Coe College earlier this month graduated about 280 students — holding steady with previous years, according to Coe spokesman Lonnie Zingula. Cornell College, which also conferred degrees in early May, reported 273 graduates — on par with recent classes of 271 last spring, 273 in 2014, and 266 in 2013.

University of Iowa, Iowa State University, and University of Northern Iowa all reported graduate increases — ISU broke another record with 4,601 students.

Mount Mercy’s 175 graduate-student tally this spring is 41 percent above last year’s graduate student class, and President Laurie Hamen said the school’s “significant accomplishment is a testament to the quality and value of a Mount Mercy University education and the efforts of our extraordinary faculty and staff.”

Kirkwood Community College is expecting a slightly smaller graduating class this year than in the past two years, with 1,430 students graduating this spring and another 585 graduation applications pending the summer session, according to Justin Hoehn, Kirkwood spokesman.

That 2,015 total is down from 2,364 last year and 2,342 in the 2014-15 year, which is indicative of standard fluctuations, Hoehn said.

AIB’s last class

AIB College of Business in Des Moines — which last year announced plans to gift its $21.55 million campus to the University of Iowa — will hold its final commencement ceremony Sunday before officially closing June 30.

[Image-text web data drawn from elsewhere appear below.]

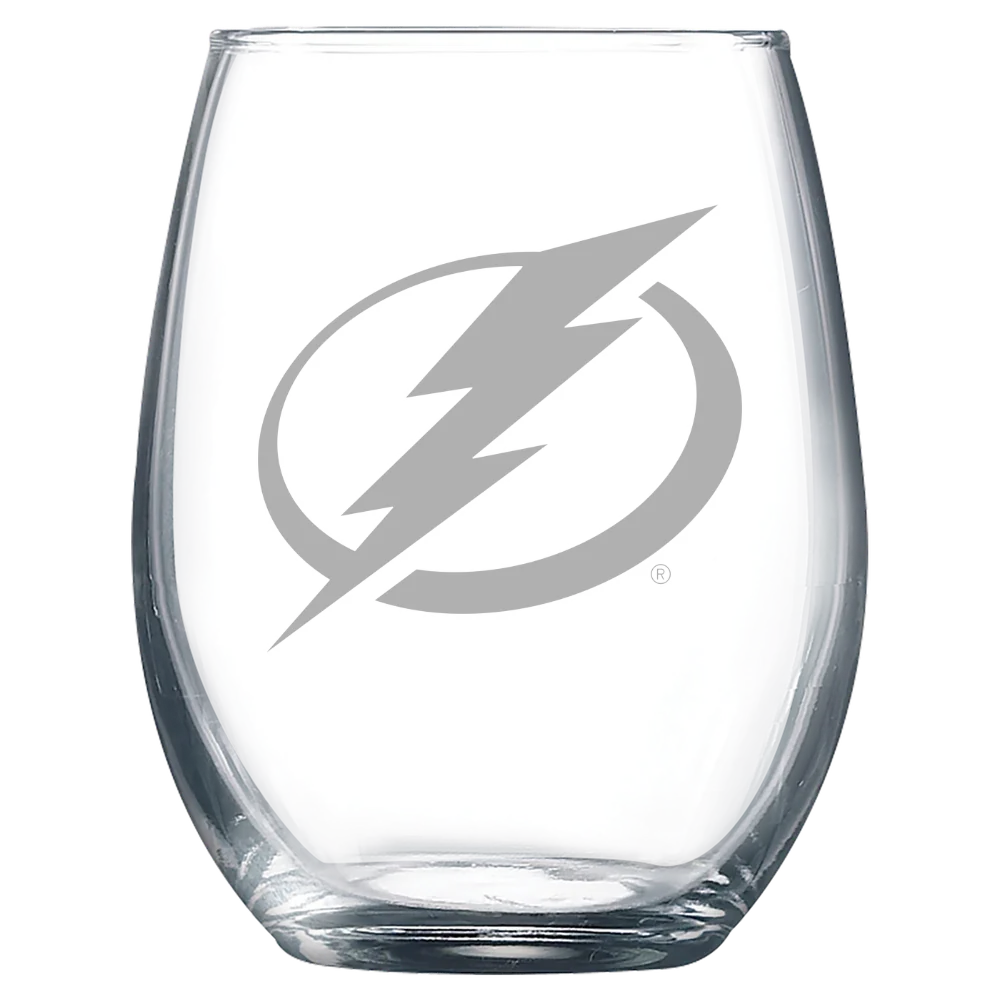 Tampa Bay Lightning Polar Camel 9 oz. Stemless Wine Glass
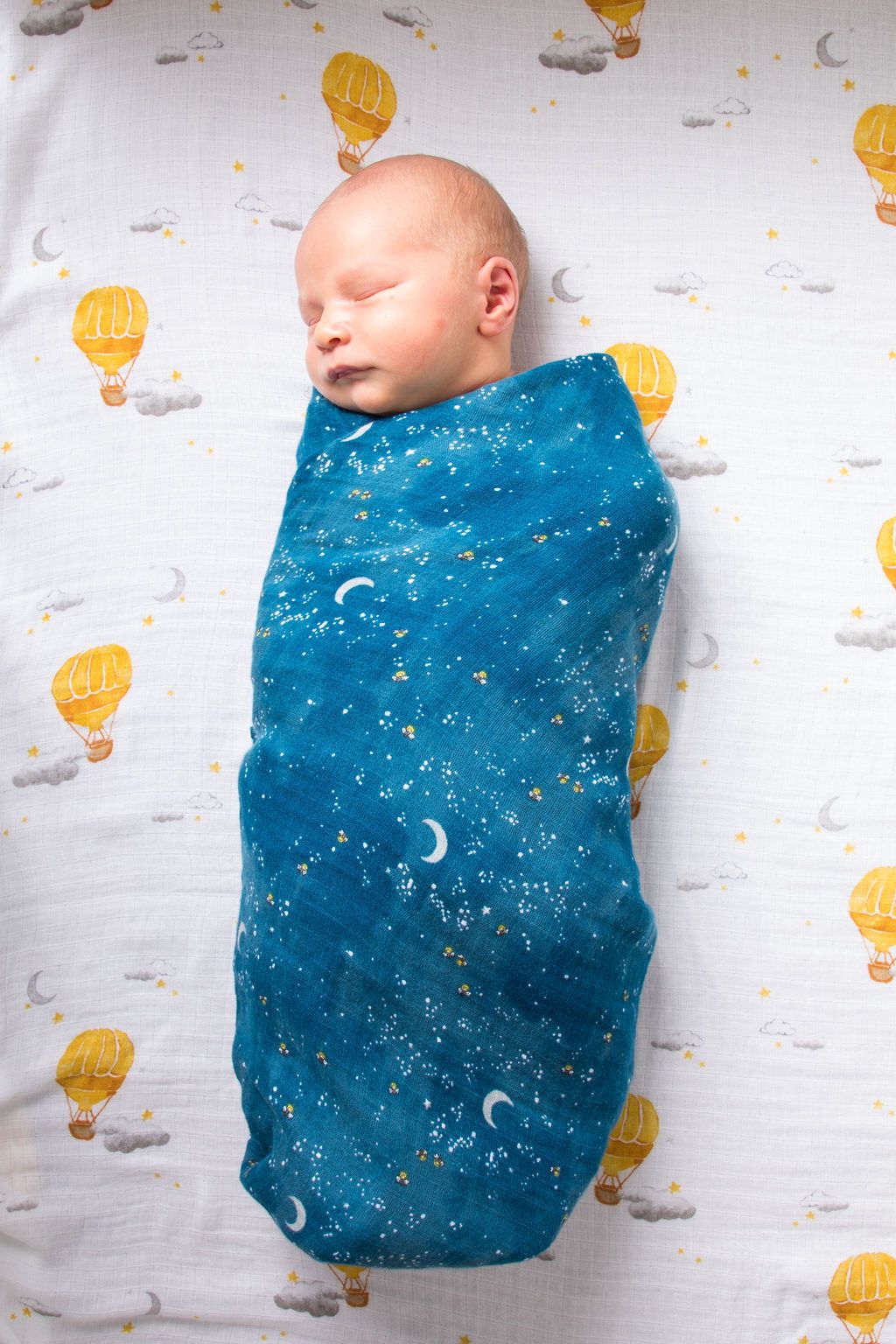 Fly Me to the Moon Organic Swaddle Set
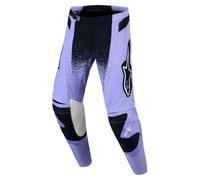 alpinestars Stella Techstar Swan Mujer Pantalón de cross Negro/Morado 30 mujeres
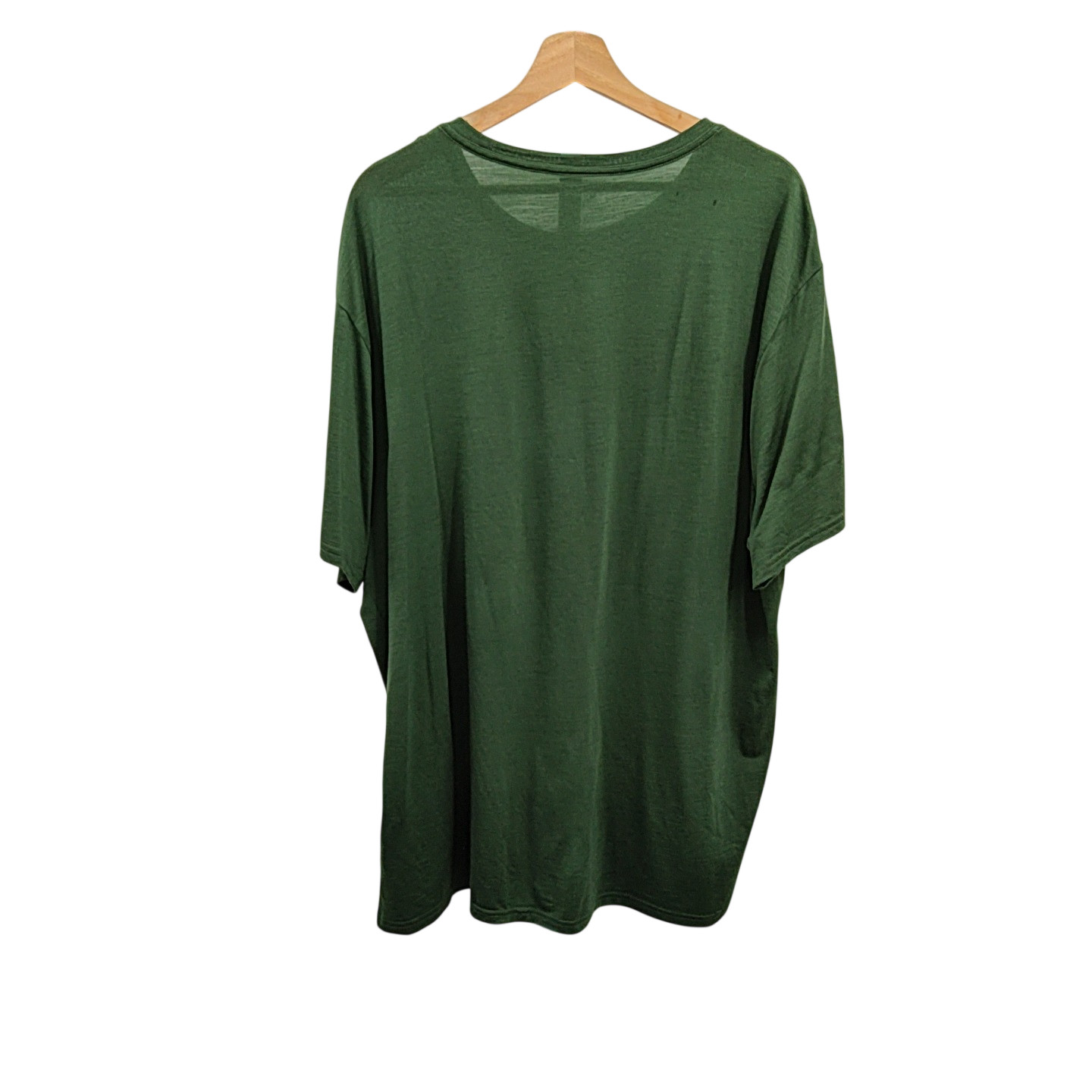 Quince Men 100% Merino Wool All-season Short Sleeve Base Layer Tee Green Xxl gallery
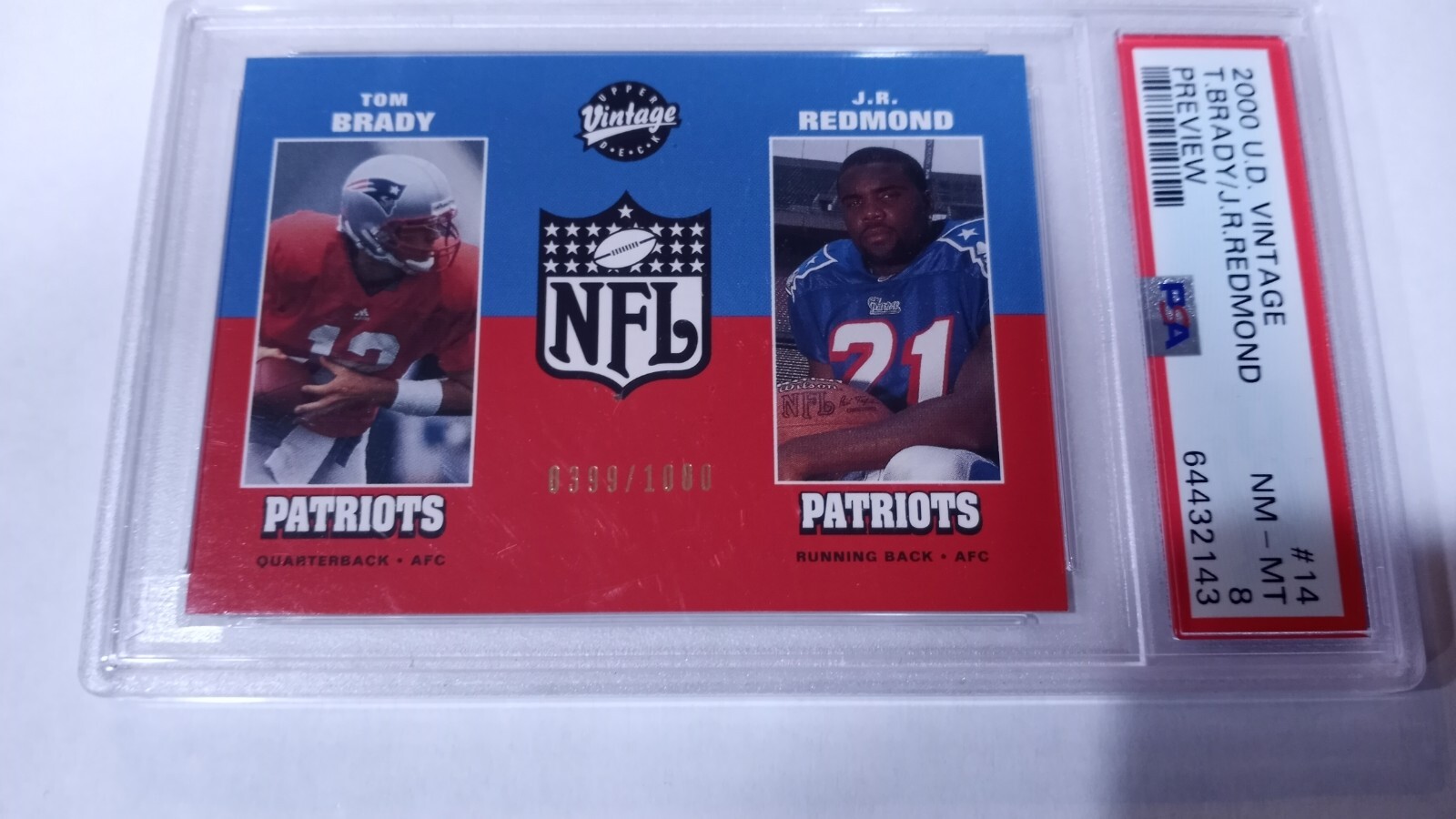 Peter Warrick Upper Deck Vintage Preview #3 Preview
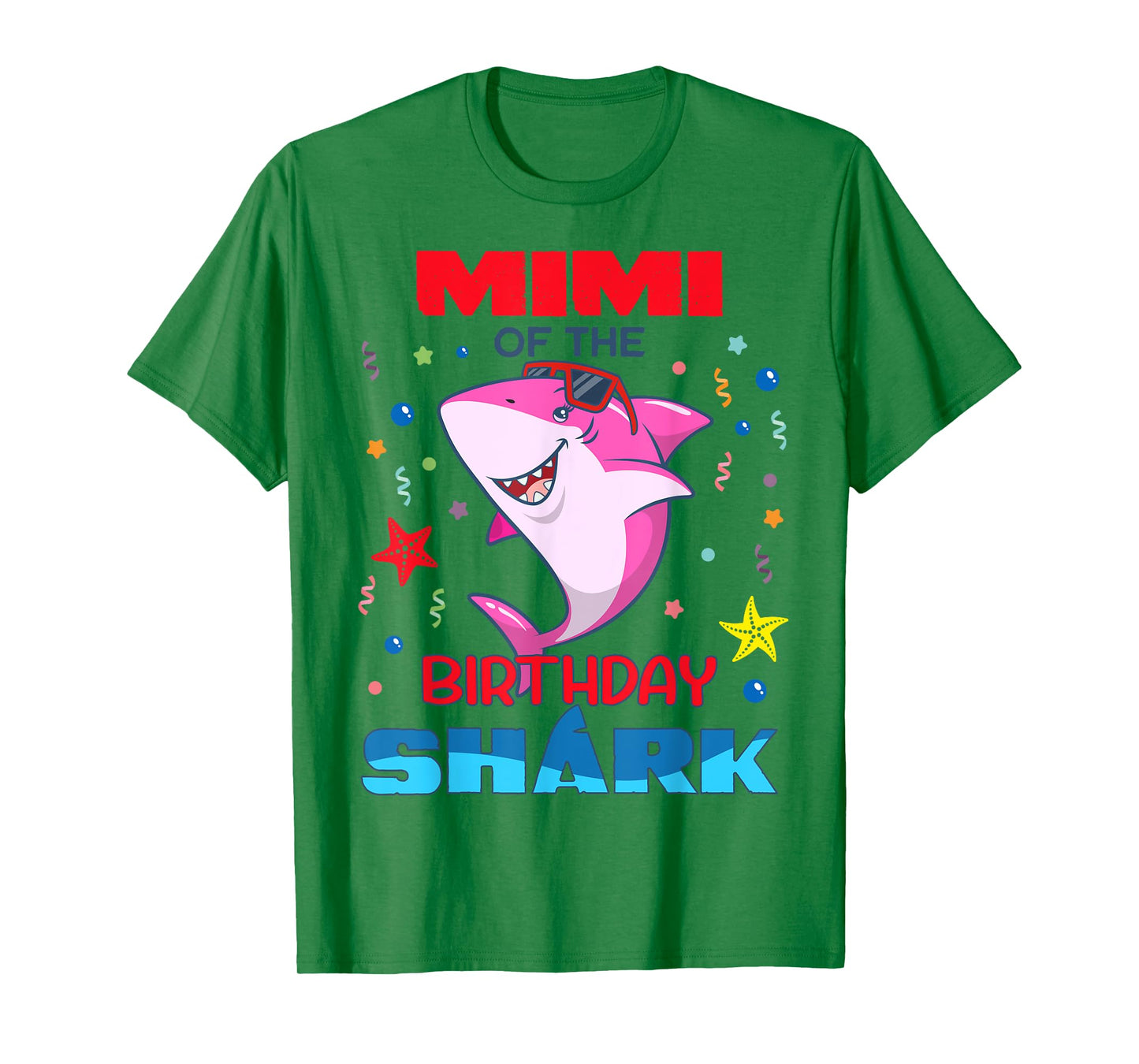 Mimi Of The Birthday Shark Kids Party Family Matching T-Shirt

More than 220 graduates are expected to participate in the 2 p.m. ceremony at Community Choice Credit Union Convention Center in Des Moines. The AIB class of 2016 includes more than 400 students who have completed requirements for associate or bachelor’s degrees in the past year, according to AIB spokeswoman Jane

Although AIB officials originally envisioned the closing college as a second UI campus, plans quickly morphed and the Board of Regents days after the gift announcement said AIB instead would become a regents-run regional center.

And even as some programming is slated for the new “Regents Resource Center” later this year, the board is paying more than $91,000 for a consultant to assess the need for one. As part of the “needs assessment,” MGT of America, Inc. will evaluate current and long-term demand for degree programs in the Des Moines area.

The firm also will conduct an “objective and independent analysis of potential locations.”

“This facet of the study is complicated by the recent acquisition of the AIB campus in Des Moines by the University of Iowa,” according to the MGT proposal.

The needs assessment and evaluation of optimal locations opens the door for a possible sale of the property — despite AIB officials’ stated intention for the campus to move forward as an academic institution.